Selon les croyances les plus anciennes, réveiller un somnambule risque de le tuer ; au moins de le rendre fou. En réalité, la science nous apprend que c’est l’inverse : le somnambulisme est la conséquence de l’interruption de la paralysie musculaire qui, normalement, accompagne le sommeil et permet d’éviter de vivre physiquement ses rêves, de marcher, de courir, de frapper ou de faire tout autre geste accompli dans l’univers onirique.

Le somnambule ne voit pas le réel ; il vit mentalement dans l’univers virtuel du rêve, tout en vivant physiquement dans le monde réel. Le réveiller n’est donc pas plus dangereux que de réveiller tout autre dormeur.

Cela peut même se révéler salvateur pour le dormeur, et il faut toujours l’éveiller le plus vite possible, pour éviter qu’il n’en vienne à marcher au-dessus du vide, se saisir d’un couteau ou sauter par la fenêtre parce qu’il rêve qu’il est un oiseau.

Il en va de même pour les peuples, qui ne vivent pas toujours totalement dans le réel. En ce sens, ils sont somnambules. Certains, complètement, quand ils s’embarquent dans des délires idéologiques et façonnent un monde imaginaire – c’est le cas des peuples électrisés par des dirigeants charismatiques. D’autres, seulement par la faute de leurs élites, qui leur décrivent un monde conforme à leurs désirs et en déduisent des ­actions aussi suicidaires que de sauter dans un gouffre.

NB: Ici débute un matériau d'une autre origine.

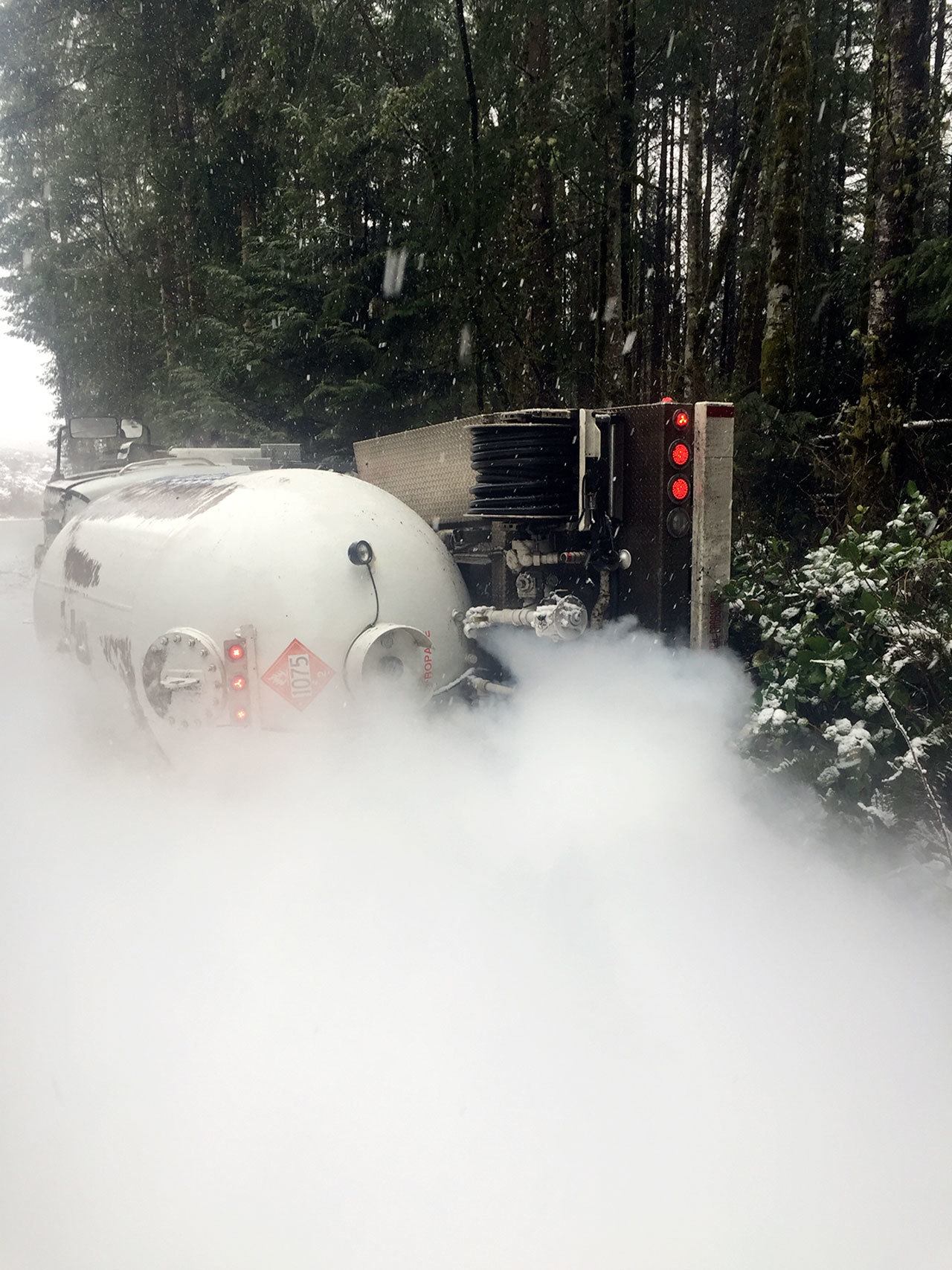 A truck carrying 2,500 gallons of propane overturned at 1057 Teal Lake Road at about 12:26 p.m. Wednesday. The driver escaped without injury.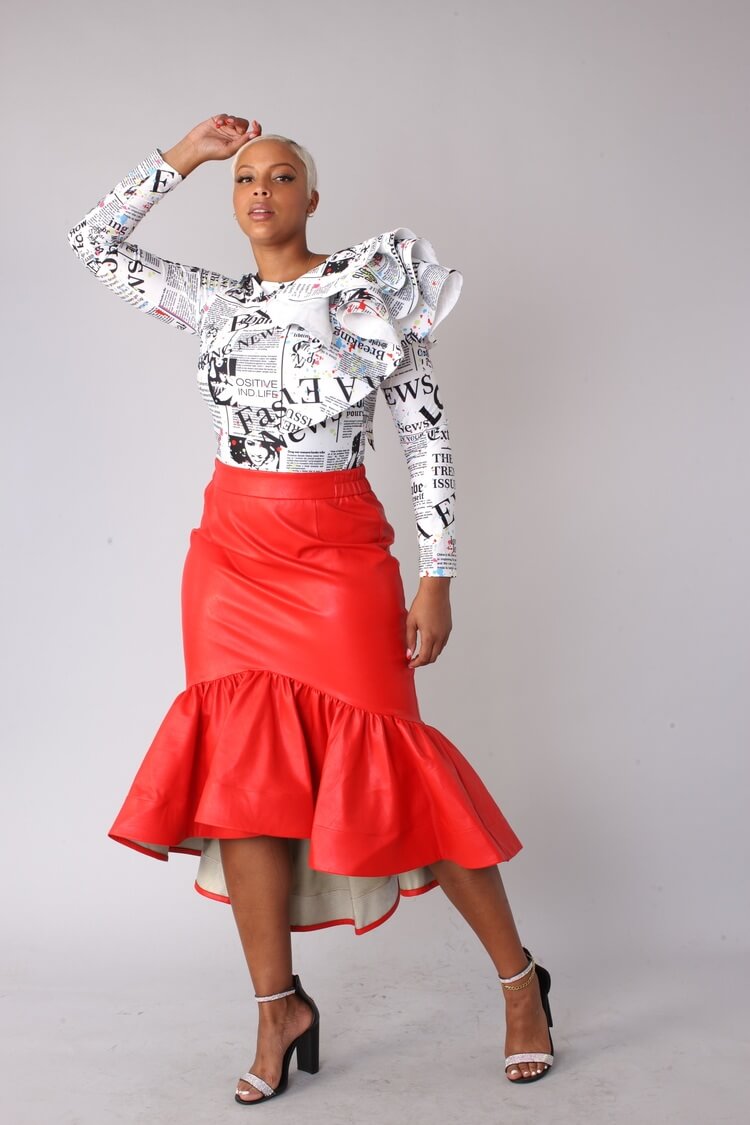 Red faux leather ruffle midi skirt front full body pose.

L’Histoire le démontre : plus les peuples s’engagent dans l’univers onirique, plus ils y prennent leurs aises, plus ils tardent à se réveiller, plus ils font confiance à des dirigeants reclus dans leurs rêves, plus les dégâts sont élevés et les réveils ­douloureux. La France d’aujourd’hui traverse un tel moment. Non qu’elle soit entièrement enfermée dans un monde imaginaire : beaucoup de ­citoyens sont lucides, ils savent la gravité du temps, par ce qu’ils vivent – la misère, le chômage, le travail aliénant, les fins de mois difficiles et, surtout, l’absence d’espoir d’en sortir jamais.

Ils savent aussi que le monde réel contient beaucoup de promesses bien plus magnifiques que les rêves les plus fous. Ils savent enfin qu’il leur faudrait se prendre en main, refuser les discours ­lénifiants et les promesses vides, et affronter tous les enjeux réels, sans les reporter sur les générations suivantes.

Mais nombre d’autres Français, et d’abord leur classe dirigeante, parlent et agissent comme dans un songe. Ils croient, et font croire, que la réalité est soumise à leurs désirs. Une entreprise est en difficulté ? Qu’à cela ne tienne, que l’Etat lui passe une commande ! On manque de policiers ? Pas de souci, qu’on en embauche !

Le risque terroriste augmente ? Aucun problème, qu’on enferme sans jugement tous les suspects et qu’on boucle les frontières devant tous les étrangers. Des changements climatiques sont à craindre ? Pas d’inquiétude, que l’on continue de vivre comme avant ! Jusqu’à ce que le réel se venge. Et il se vengera. Sous la forme d’une crise ­financière, d’un désastre climatique, d’une guerre ou d’une autre catastrophe.

Il est donc urgent de secouer les somnambules. Pour cela, il faut prendre conscience que la vie éveillée peut être bien plus belle que celle du monde imaginaire.

Et que, même si le réel présente des contraintes, il contient aussi de magnifiques promesses, de passionnantes aventures, bien plus exaltantes que celles que les rêves n’offriront jamais.